Saved data entries
= Beginning of Section =

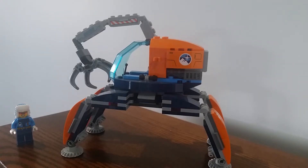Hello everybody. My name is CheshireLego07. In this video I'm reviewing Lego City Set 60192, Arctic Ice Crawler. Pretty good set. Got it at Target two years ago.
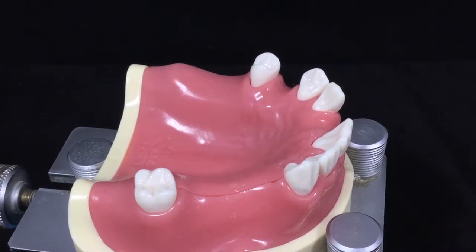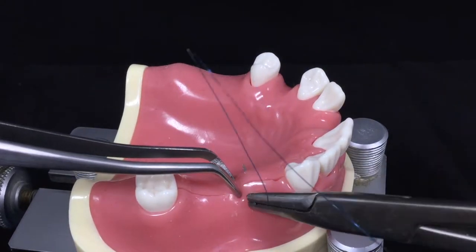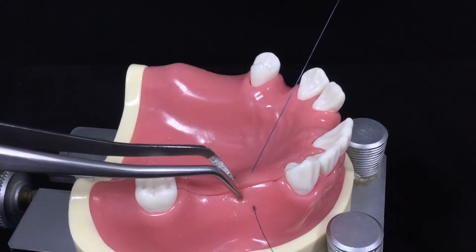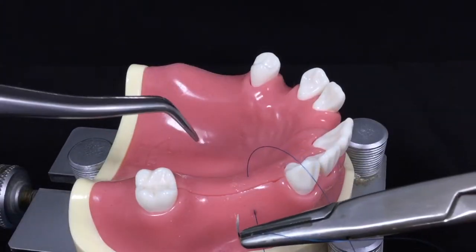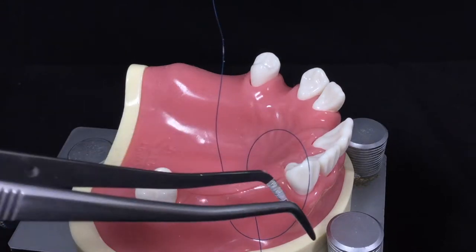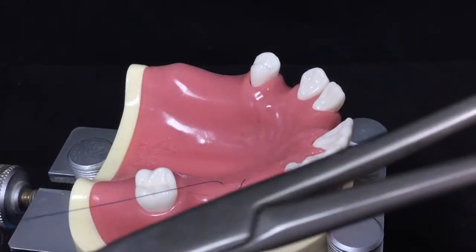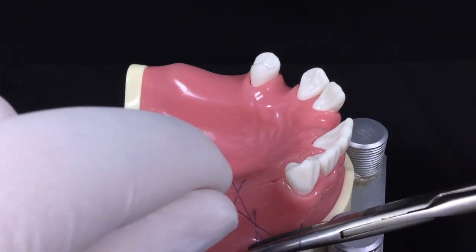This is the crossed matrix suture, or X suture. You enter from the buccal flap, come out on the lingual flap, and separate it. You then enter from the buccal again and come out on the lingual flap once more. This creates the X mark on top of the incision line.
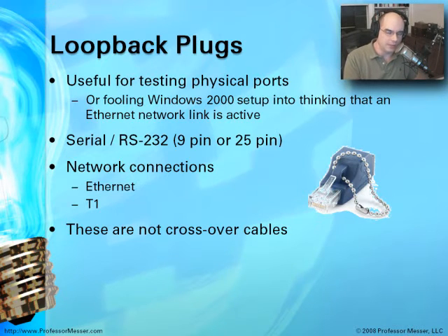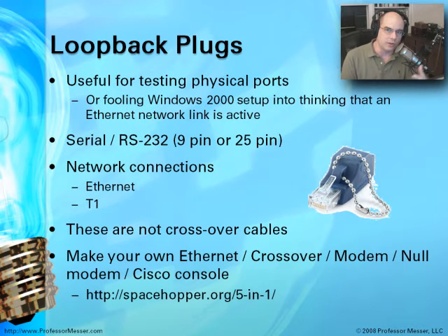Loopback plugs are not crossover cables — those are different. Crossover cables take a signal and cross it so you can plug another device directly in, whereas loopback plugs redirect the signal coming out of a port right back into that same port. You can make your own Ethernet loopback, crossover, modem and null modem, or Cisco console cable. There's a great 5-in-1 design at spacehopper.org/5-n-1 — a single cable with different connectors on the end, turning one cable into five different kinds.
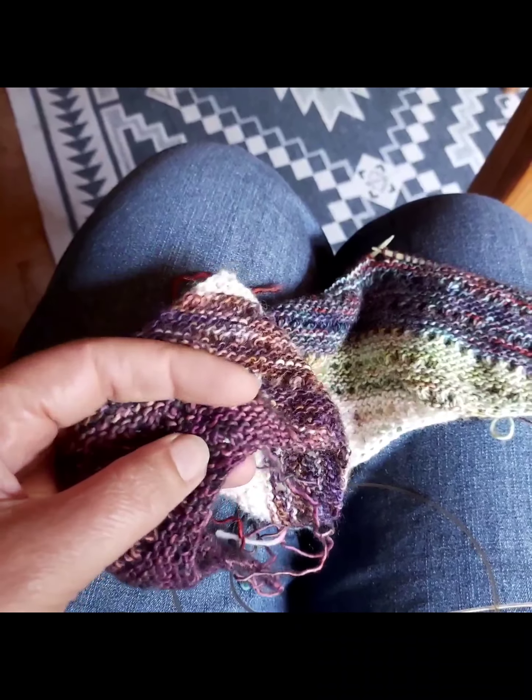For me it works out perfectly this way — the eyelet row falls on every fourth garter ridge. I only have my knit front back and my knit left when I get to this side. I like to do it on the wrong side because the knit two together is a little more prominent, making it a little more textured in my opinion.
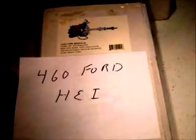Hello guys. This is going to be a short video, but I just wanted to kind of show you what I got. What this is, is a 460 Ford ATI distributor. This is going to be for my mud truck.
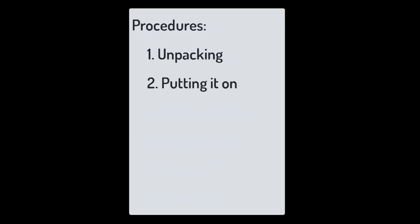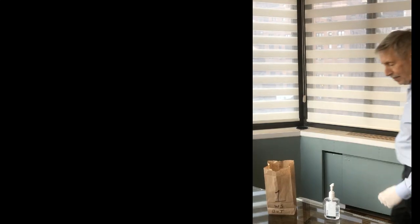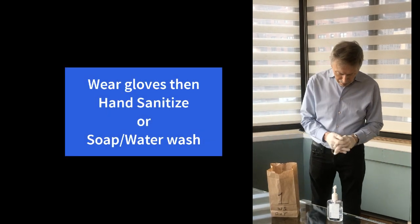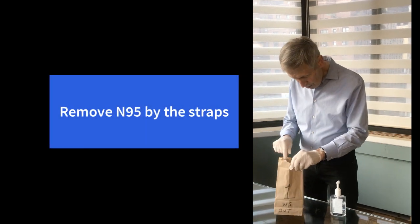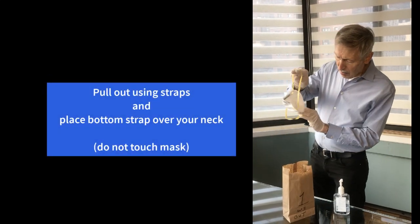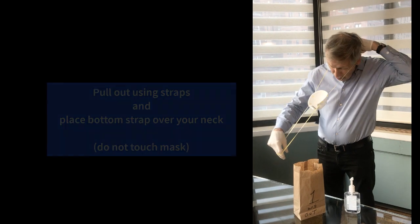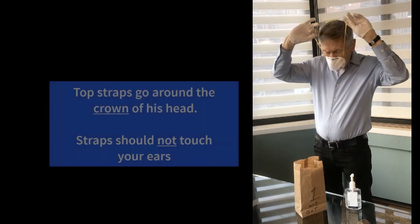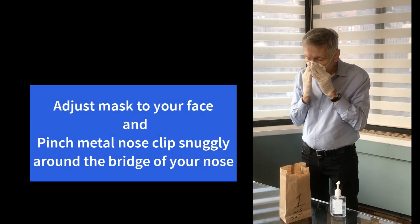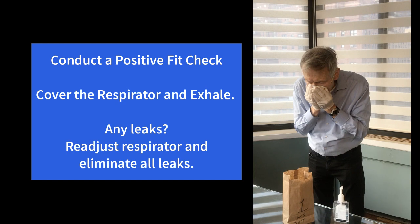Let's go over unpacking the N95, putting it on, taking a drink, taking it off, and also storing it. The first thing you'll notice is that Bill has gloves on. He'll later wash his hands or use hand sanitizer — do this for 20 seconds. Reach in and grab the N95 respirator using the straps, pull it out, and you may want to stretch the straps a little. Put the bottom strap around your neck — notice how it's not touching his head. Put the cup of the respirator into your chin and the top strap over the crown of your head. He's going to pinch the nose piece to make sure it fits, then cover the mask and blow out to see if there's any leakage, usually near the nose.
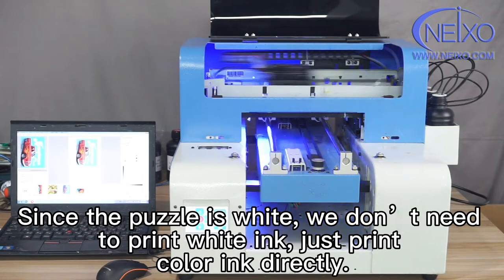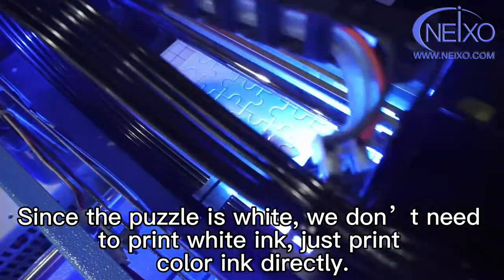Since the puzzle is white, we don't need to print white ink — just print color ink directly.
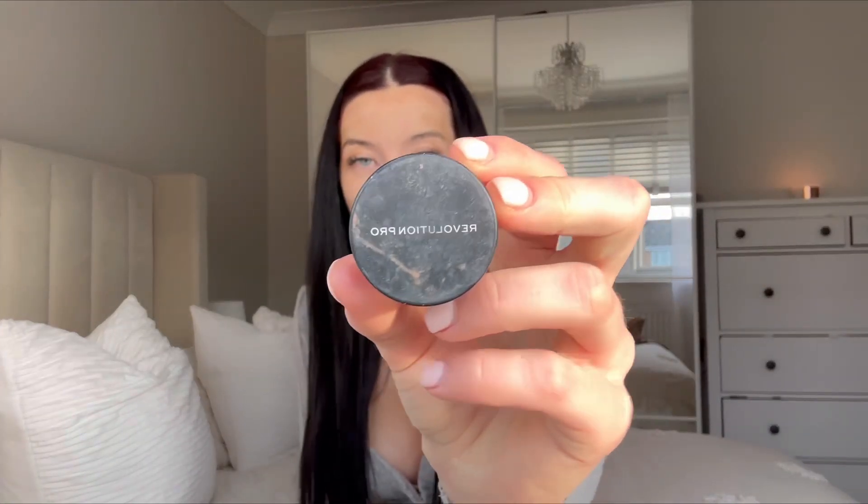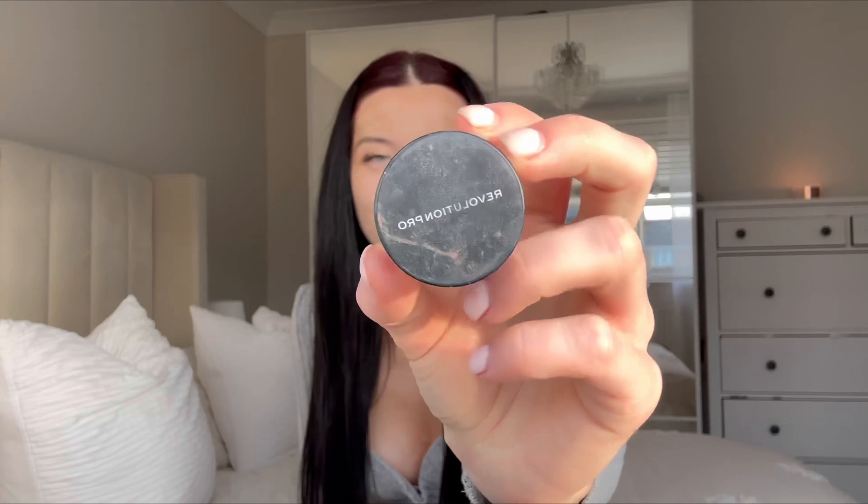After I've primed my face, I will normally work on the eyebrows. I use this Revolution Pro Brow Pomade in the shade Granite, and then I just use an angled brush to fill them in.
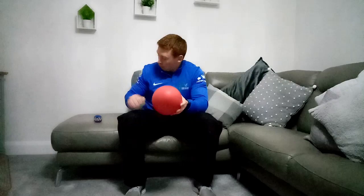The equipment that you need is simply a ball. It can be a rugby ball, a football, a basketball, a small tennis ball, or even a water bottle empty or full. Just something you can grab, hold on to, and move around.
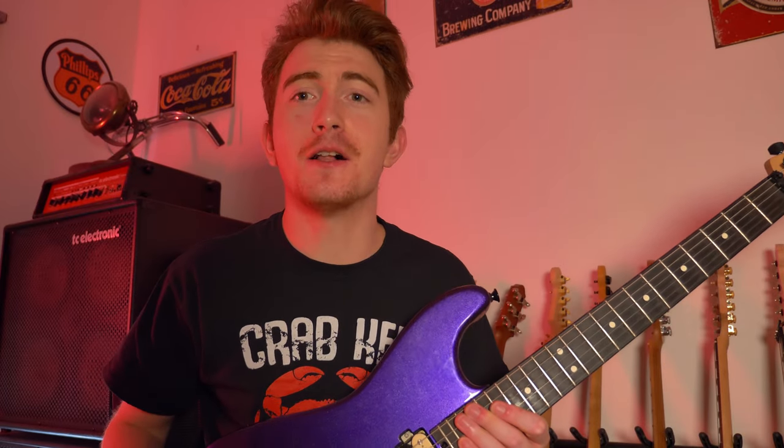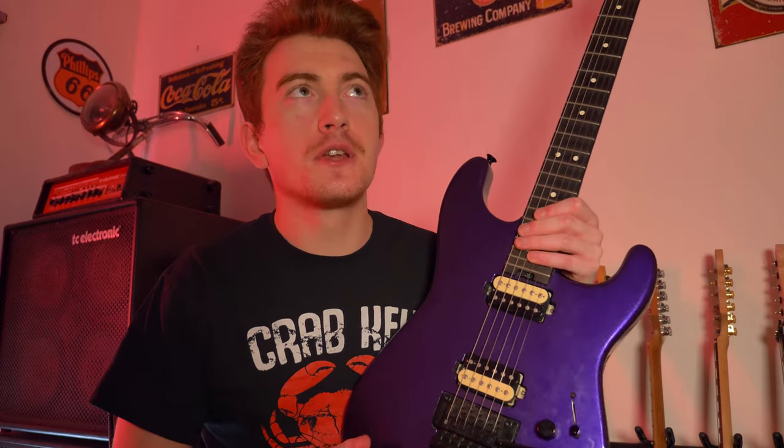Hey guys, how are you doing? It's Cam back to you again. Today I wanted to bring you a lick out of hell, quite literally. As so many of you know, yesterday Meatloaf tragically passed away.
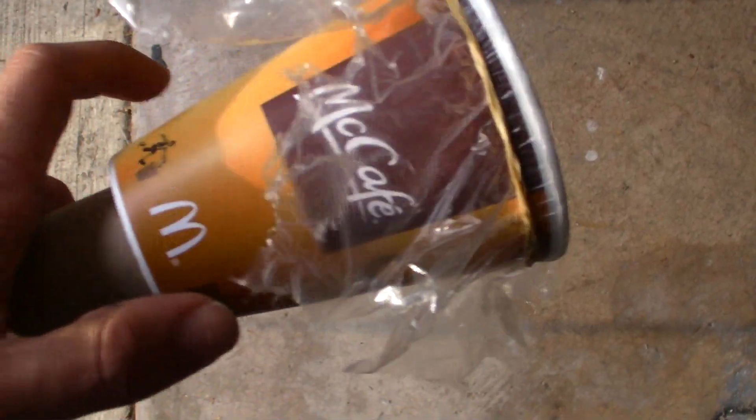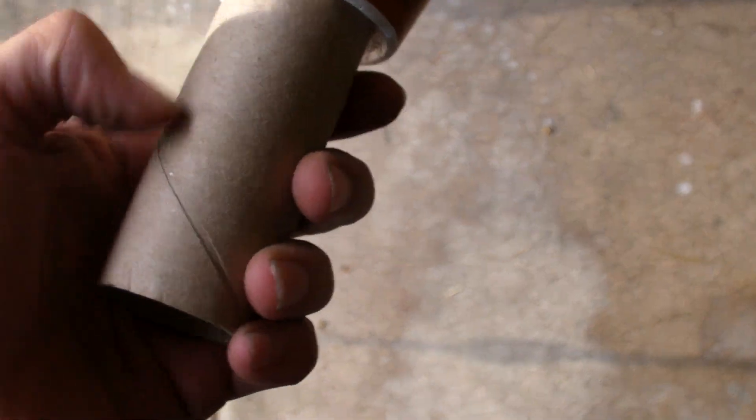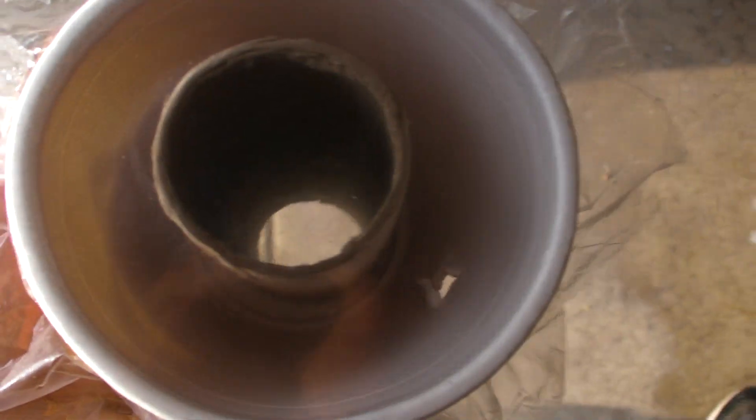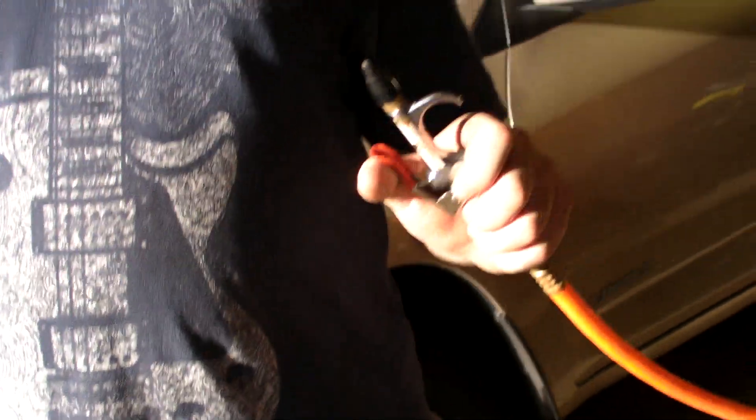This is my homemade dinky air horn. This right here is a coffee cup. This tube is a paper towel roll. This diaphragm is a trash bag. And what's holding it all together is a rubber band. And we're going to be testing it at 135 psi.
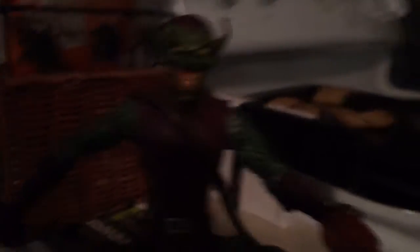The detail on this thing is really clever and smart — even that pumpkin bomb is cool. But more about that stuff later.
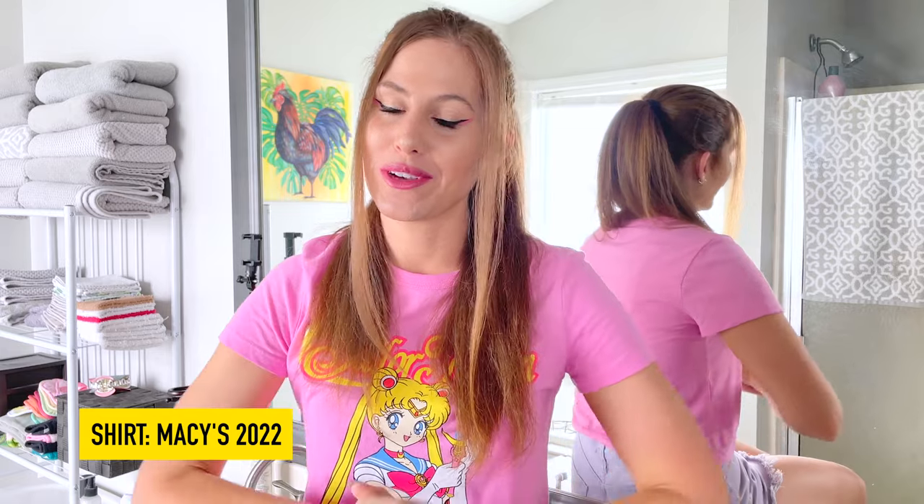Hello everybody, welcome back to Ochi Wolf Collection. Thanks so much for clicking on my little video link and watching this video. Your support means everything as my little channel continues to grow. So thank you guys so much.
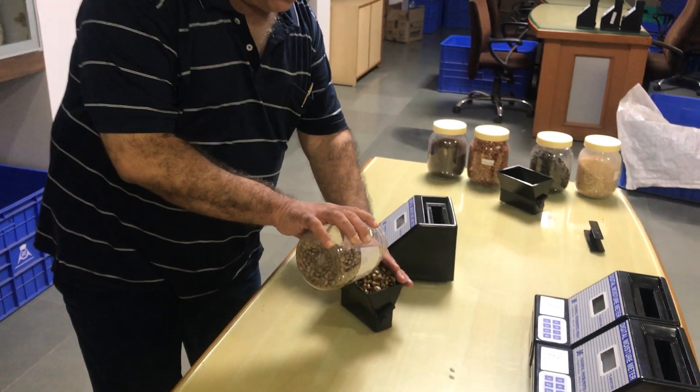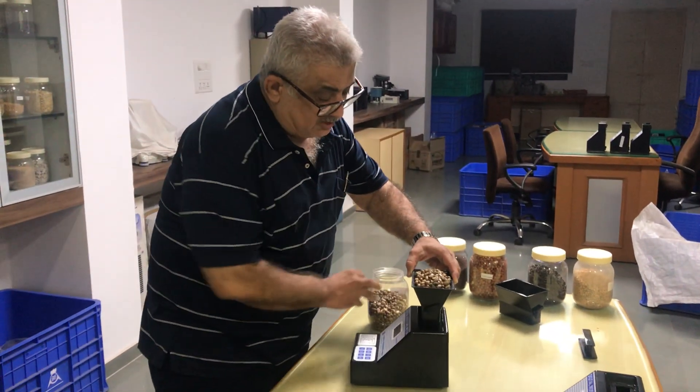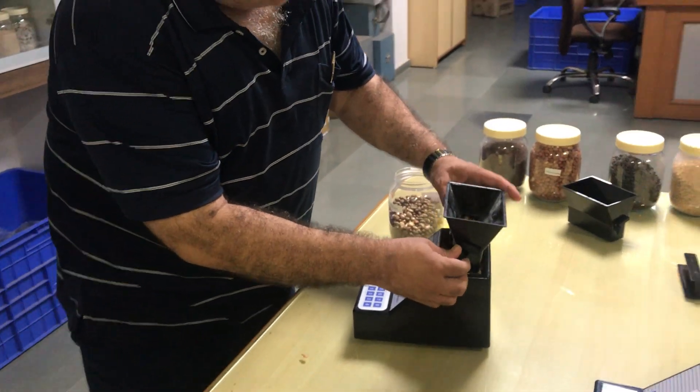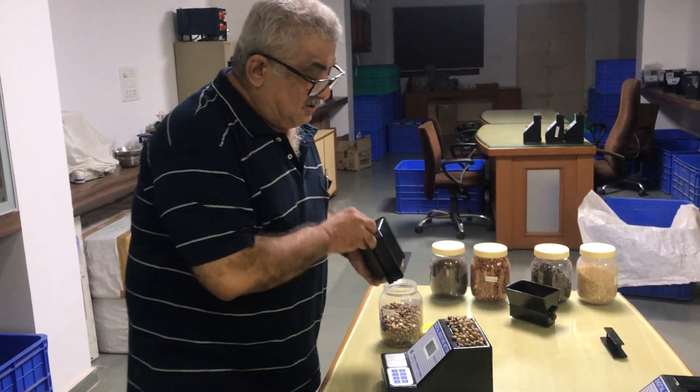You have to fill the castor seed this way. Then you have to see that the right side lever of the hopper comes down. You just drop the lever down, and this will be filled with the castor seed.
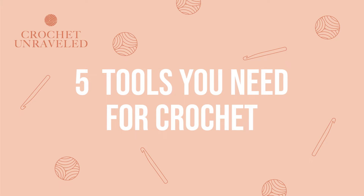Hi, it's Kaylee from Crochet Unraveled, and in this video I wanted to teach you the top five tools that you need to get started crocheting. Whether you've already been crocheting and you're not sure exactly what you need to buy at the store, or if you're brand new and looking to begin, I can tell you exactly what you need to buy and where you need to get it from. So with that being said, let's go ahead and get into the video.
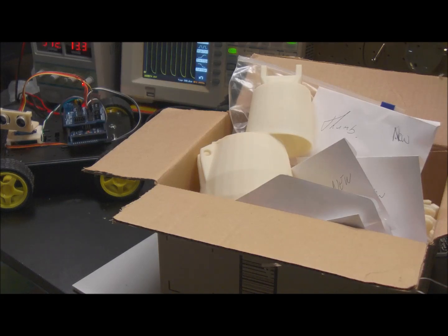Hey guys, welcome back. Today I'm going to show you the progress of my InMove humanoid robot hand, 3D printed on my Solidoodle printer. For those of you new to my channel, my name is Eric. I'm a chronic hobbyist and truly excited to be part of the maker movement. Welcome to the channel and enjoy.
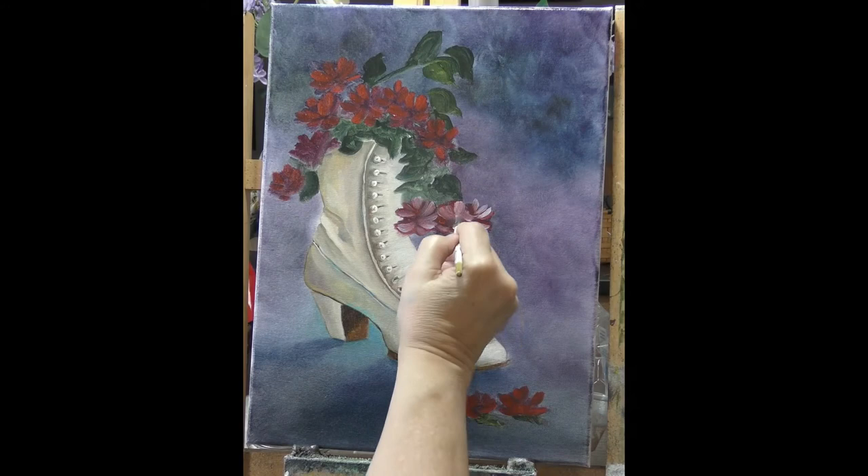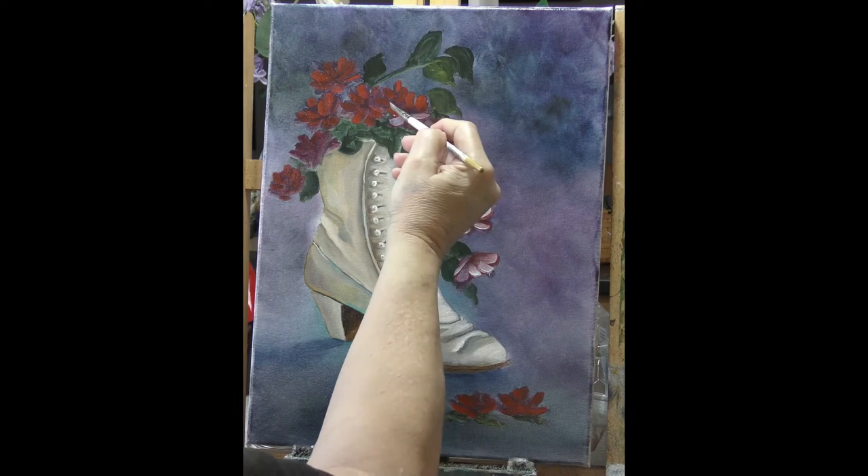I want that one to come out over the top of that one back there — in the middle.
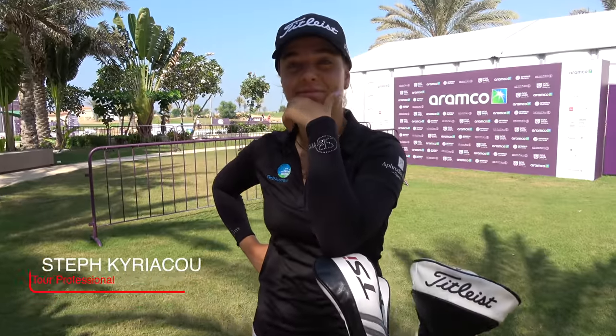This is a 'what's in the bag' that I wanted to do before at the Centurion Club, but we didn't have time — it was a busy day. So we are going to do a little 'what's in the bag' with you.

= End of Section =

Exercise goal » Transcribe the records above exactly, without images.

Written solution »
Hello everybody. My name is CheshireLego07. In this video I'm reviewing Lego City Set 60192, Arctic Ice Crawler. Pretty good set. Got it at Target two years ago.
This is the crossed matrix suture, or X suture. You enter from the buccal flap, come out on the lingual flap, and separate it. You then enter from the buccal again and come out on the lingual flap once more. This creates the X mark on top of the incision line.
Loopback plugs are not crossover cables — those are different. Crossover cables take a signal and cross it so you can plug another device directly in, whereas loopback plugs redirect the signal coming out of a port right back into that same port. You can make your own Ethernet loopback, crossover, modem and null modem, or Cisco console cable. There's a great 5-in-1 design at spacehopper.org/5-n-1 — a single cable with different connectors on the end, turning one cable into five different kinds.
For me it works out perfectly this way — the eyelet row falls on every fourth garter ridge. I only have my knit front back and my knit left when I get to this side. I like to do it on the wrong side because the knit two together is a little more prominent, making it a little more textured in my opinion.
Hello guys. This is going to be a short video, but I just wanted to kind of show you what I got. What this is, is a 460 Ford ATI distributor. This is going to be for my mud truck.
Let's go over unpacking the N95, putting it on, taking a drink, taking it off, and also storing it. The first thing you'll notice is that Bill has gloves on. He'll later wash his hands or use hand sanitizer — do this for 20 seconds. Reach in and grab the N95 respirator using the straps, pull it out, and you may want to stretch the straps a little. Put the bottom strap around your neck — notice how it's not touching his head. Put the cup of the respirator into your chin and the top strap over the crown of your head. He's going to pinch the nose piece to make sure it fits, then cover the mask and blow out to see if there's any leakage, usually near the nose.
Since the puzzle is white, we don't need to print white ink — just print color ink directly.
After I've primed my face, I will normally work on the eyebrows. I use this Revolution Pro Brow Pomade in the shade Granite, and then I just use an angled brush to fill them in.
The equipment that you need is simply a ball. It can be a rugby ball, a football, a basketball, a small tennis ball, or even a water bottle empty or full. Just something you can grab, hold on to, and move around.
Hey guys, how are you doing? It's Cam back to you again. Today I wanted to bring you a lick out of hell, quite literally. As so many of you know, yesterday Meatloaf tragically passed away.
This is my homemade dinky air horn. This right here is a coffee cup. This tube is a paper towel roll. This diaphragm is a trash bag. And what's holding it all together is a rubber band. And we're going to be testing it at 135 psi.
The detail on this thing is really clever and smart — even that pumpkin bomb is cool. But more about that stuff later.
Hello everybody, welcome back to Ochi Wolf Collection. Thanks so much for clicking on my little video link and watching this video. Your support means everything as my little channel continues to grow. So thank you guys so much.
You have to fill the castor seed this way. Then you have to see that the right side lever of the hopper comes down. You just drop the lever down, and this will be filled with the castor seed.
Hi, it's Kaylee from Crochet Unraveled, and in this video I wanted to teach you the top five tools that you need to get started crocheting. Whether you've already been crocheting and you're not sure exactly what you need to buy at the store, or if you're brand new and looking to begin, I can tell you exactly what you need to buy and where you need to get it from. So with that being said, let's go ahead and get into the video.
Hey guys, welcome back. Today I'm going to show you the progress of my InMove humanoid robot hand, 3D printed on my Solidoodle printer. For those of you new to my channel, my name is Eric. I'm a chronic hobbyist and truly excited to be part of the maker movement. Welcome to the channel and enjoy.
I want that one to come out over the top of that one back there — in the middle.
This is a 'what's in the bag' that I wanted to do before at the Centurion Club, but we didn't have time — it was a busy day. So we are going to do a little 'what's in the bag' with you.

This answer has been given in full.